VICE PRESIDENT CATANZARITI
SENIOR DEPUTY PRESIDENT DRAKE
COMMISSIONER SAUNDERS

SYDNEY, 18 NOVEMBER 2016

Appeal against decision [[2016] FWC 6663] of Deputy President Gostencnik at Melbourne on 3 October 2016 in matter number U2016/2875.

[1] Endless Solar Operations Pty Ltd (Endless Solar) has applied for permission to appeal and appealed against a decision 1 issued by Deputy President Gostencnik on 3 October 2016 (Decision). In that Decision the Deputy President found that Mr Christopher Cole is a person protected from unfair dismissal. The Deputy President made an order2 dismissing the jurisdictional objection raised by Endless Solar related to the minimum employment period.

[2] The matter was listed for hearing of Endless Solar’s application for permission to appeal on 9 November 2016. At that time Mr Cole appeared for himself and Mr D. Craig and Ms C. Lin appeared for Endless Solar.

The Decision

[3] The principal findings made by Deputy President Gostencnik in his Decision were as follows:

    (a) Mr Cole was employed by Endless Solar as a casual employee in the period from 30 March 2015 to 12 July 2015. He then commenced full-time employment (on 13 July 2015) with Endless Solar in the position of IT and Operations Manager. The finding of casual employment was contrary to Endless Solar’s contention that Mr Cole was engaged as an independent contractor during this earlier period;

    (b) Mr Cole’s employment as a casual employee was on a regular and systematic basis, and during his engagement as a casual employee he had a reasonable expectation of continuing employment by Endless Solar on a regular and systematic basis. Accordingly, Mr Cole’s period of service as a casual employee counted towards his period of employment with Endless Solar; and

    (c) Because Mr Cole’s period of employment prior to his dismissal on 27 May 2016 exceeded the minimum employment period (which was one year, given Endless Solar was a small business employer at the relevant time), Mr Cole was a person protected from unfair dismissal at the time of his dismissal.

Permission to appeal principles

[4] This appeal is one to which s.400 of the Fair Work Act 2009 (FW Act) applies. 3 Section 400 provides:

    “(1) Despite subsection 604(2), the FWC must not grant permission to appeal from a decision made by the FWC under this Part unless the FWC considers that it is in the public interest to do so.

    (2) Despite subsection 604(1), an appeal from a decision made by the FWC in relation to a matter arising under this Part can only, to the extent that it is an appeal on a question of fact, be made on the ground that the decision involved a significant error of fact.”
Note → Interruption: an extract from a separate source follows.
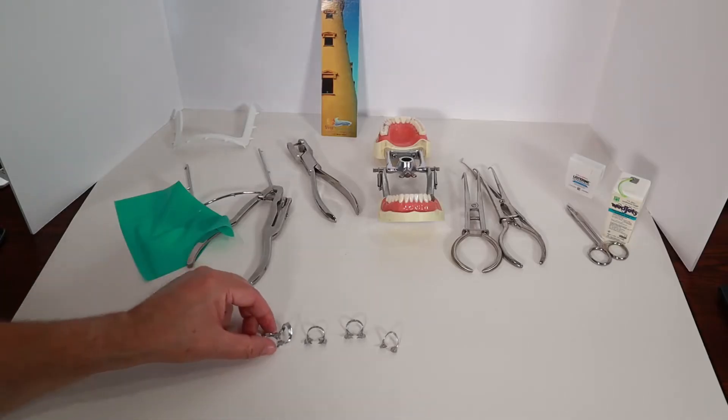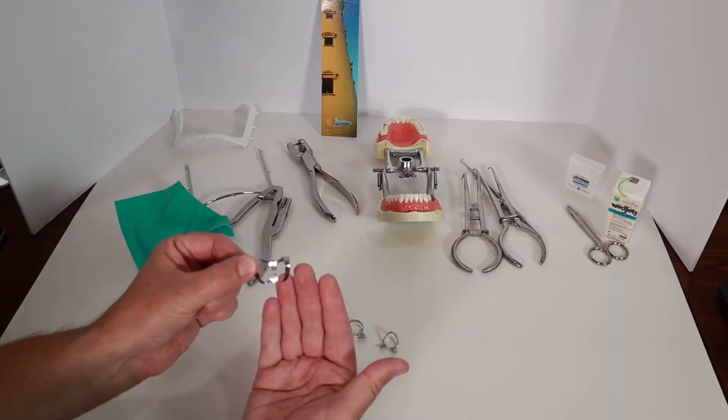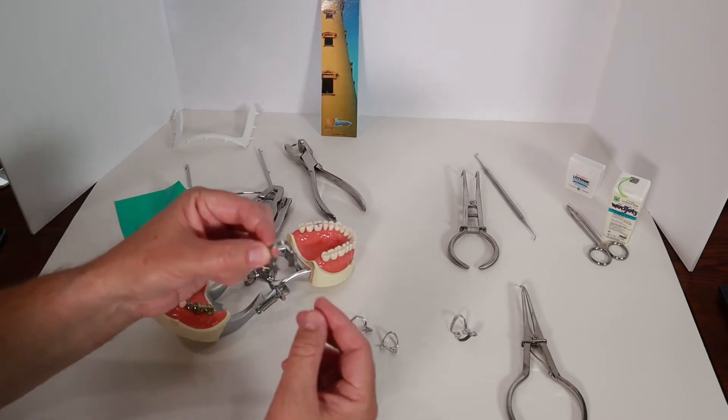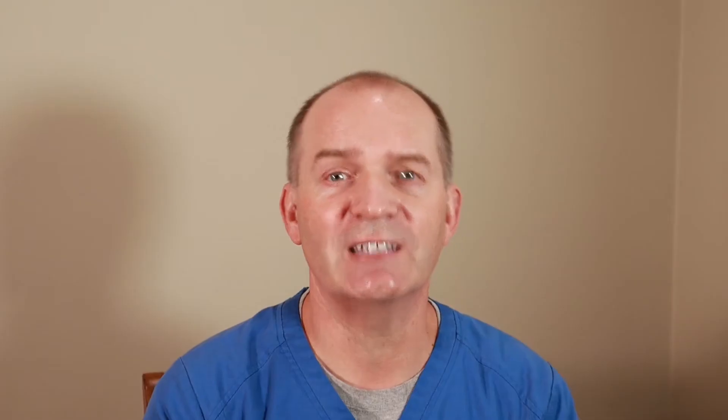Next are the different clips I use to attach the rubber dam to a tooth. The clips come in different shapes and sizes depending on which tooth or teeth I'm working on. These are the ones I typically use — other dentists will have their own favorite clips. This big clip is for front teeth, this clip is for upper back teeth, this clip is for lower back teeth, and this clip is for bicuspids — those smaller size back teeth in front of your molars.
[5] In the Federal Court Full Court decision in Coal & Allied Mining Services Pty Ltd v Lawler and others, Buchanan J (with whom Marshall and Cowdroy JJ agreed) characterised the test under s.400 as “a stringent one”. 4 The task of assessing whether the public interest test is met is a discretionary one involving a broad value judgment5. In GlaxoSmithKline Australia Pty Ltd v Makin a Full Bench of the Commission identified some of the considerations that may attract the public interest:

    “... the public interest might be attracted where a matter raises issues of importance and general application, or where there is a diversity of decisions at first instance so that guidance from an appellate court is required, or where the decision at first instance manifests an injustice, or the result is counter intuitive, or that the legal principles applied appear disharmonious when compared with other recent decisions dealing with similar matters.” 6

[6] It will rarely be appropriate to grant permission to appeal unless an arguable case of appealable error is demonstrated. This is so because an appeal cannot succeed in the absence of appealable error. 7 However, the fact that the Member at first instance made an error is not necessarily a sufficient basis for the grant of permission to appeal.8

Grounds of Appeal

[7] One of the principal grounds of appeal relied on by Endless Solar relates to its assertion that the Deputy President did “not respect the formal employment contract agreed and signed by Endless Solar Operations Pty Ltd and Mr Cole dated on 13th July 2015.” 9 Endless Solar points to the following matters in support of that contention:10

    (a) “Mr Cole’s employment with Endless Solar Operations Pty Ltd formally started on 13th July 2015;

    (b) Mr Cole confirmed his probation period of the first six months as a NEW employee by signing his employment contract;

    (c) Pursuant to Mr Cole’s employment contract, his main duty was to act as a solar system salesman. Also, to assist in operation management. He agreed and confirmed by his email dated 9 July 2015;

    (d) Mr Cole’s remuneration package was linked to sale of products; and

    (e) Mr Cole’s job was directed by the Board of the parent company not by Ms Lin.”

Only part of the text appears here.